One of the innovative Danish TV channels, DR3, has a history of dating programs with Gift ved første blik as, I believe, the initial program. A program with – literally – an arranged marriage between to participants matched by what was supposed to be relationship experts. Exported internationally as Married at First Sight the stability of the marriages has been low as very few of the couples have stayed together, – if one is to trust the information on the English Wikipedia.

Now my colleagues at DTU Compute has been involved in a new program called Koden til kærlighed (the code for love). Contrary to Gift ved første blik the participants are not going to get married during the program, but will live together for a month, – and as the perhaps most interesting part – the matches are determined by a learning algorithm: If you view the streamed program of the first episode you will have the delight of seeing glimpses of data mining Python code with Numpy (note the intermixed camelcase and underscore :).

The program seems to have been filmed with smartphone cameras for the most part. The participants are four couples of white heterosexual millenials. So far we have seen their expectations and initial first encounters, – so we are far from knowing whether my colleagues have done a good job with the algorithmic matching.
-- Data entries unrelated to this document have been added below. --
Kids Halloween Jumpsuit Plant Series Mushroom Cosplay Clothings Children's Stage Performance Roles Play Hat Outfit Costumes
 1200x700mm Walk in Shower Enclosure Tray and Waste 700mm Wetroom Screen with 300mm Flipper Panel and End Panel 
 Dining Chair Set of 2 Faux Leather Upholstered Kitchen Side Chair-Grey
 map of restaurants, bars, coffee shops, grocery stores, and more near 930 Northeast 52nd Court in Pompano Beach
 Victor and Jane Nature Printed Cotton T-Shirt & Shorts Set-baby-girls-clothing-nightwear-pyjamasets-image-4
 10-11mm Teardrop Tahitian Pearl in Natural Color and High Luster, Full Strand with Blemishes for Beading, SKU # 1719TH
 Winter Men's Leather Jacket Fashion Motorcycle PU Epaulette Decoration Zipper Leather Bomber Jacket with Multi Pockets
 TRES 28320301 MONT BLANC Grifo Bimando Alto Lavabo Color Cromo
According to the program, the producers and the Technical University of Denmark have collected information from 1’400 persons in “well-functioning” relationships. There must have been pairs among the 1’400 so the data scientist can train the algorithm using pairs as the positive examples and persons that are not pairs as negative examples. The 350 new singles signed up for the program can then be matched together with the trained algorithm. And four couples of – I suppose – the top ranking matches were selected for the program.

Our Professor Jan Larsen was involved in the program and explained a bit more about the setup in the radio. The collected input was based on responses to 104 questions for 667 couples (apparently not quite 1’400). Important questions may have been related to sleep and education.

It will be interesting to follow the development of the couples. There are 8 episodes in this season. It would have been nice with more technical background: What are the questions? How exactly is the match determined? How is the importance of the questions determined? Has the producers done any “editing” in the relationships? (For instance, why are all participants in the age range 20-25 years?). When people matches how is the answer to the question matching: Are the answers homophilic or heterophilic? During the program there are glimpses of questions, that might have been used. Some examples are “Do you have a tv-set?”, “Which supermarket do you use?”and “How many relationships have you ended?” It is a question whether a question such as “Do you have a tv-set?” is a any use. 667 couples compared to 104 questions are not that much to train a model and one should think that less relevant questions could confuse the algorithm more than it would help.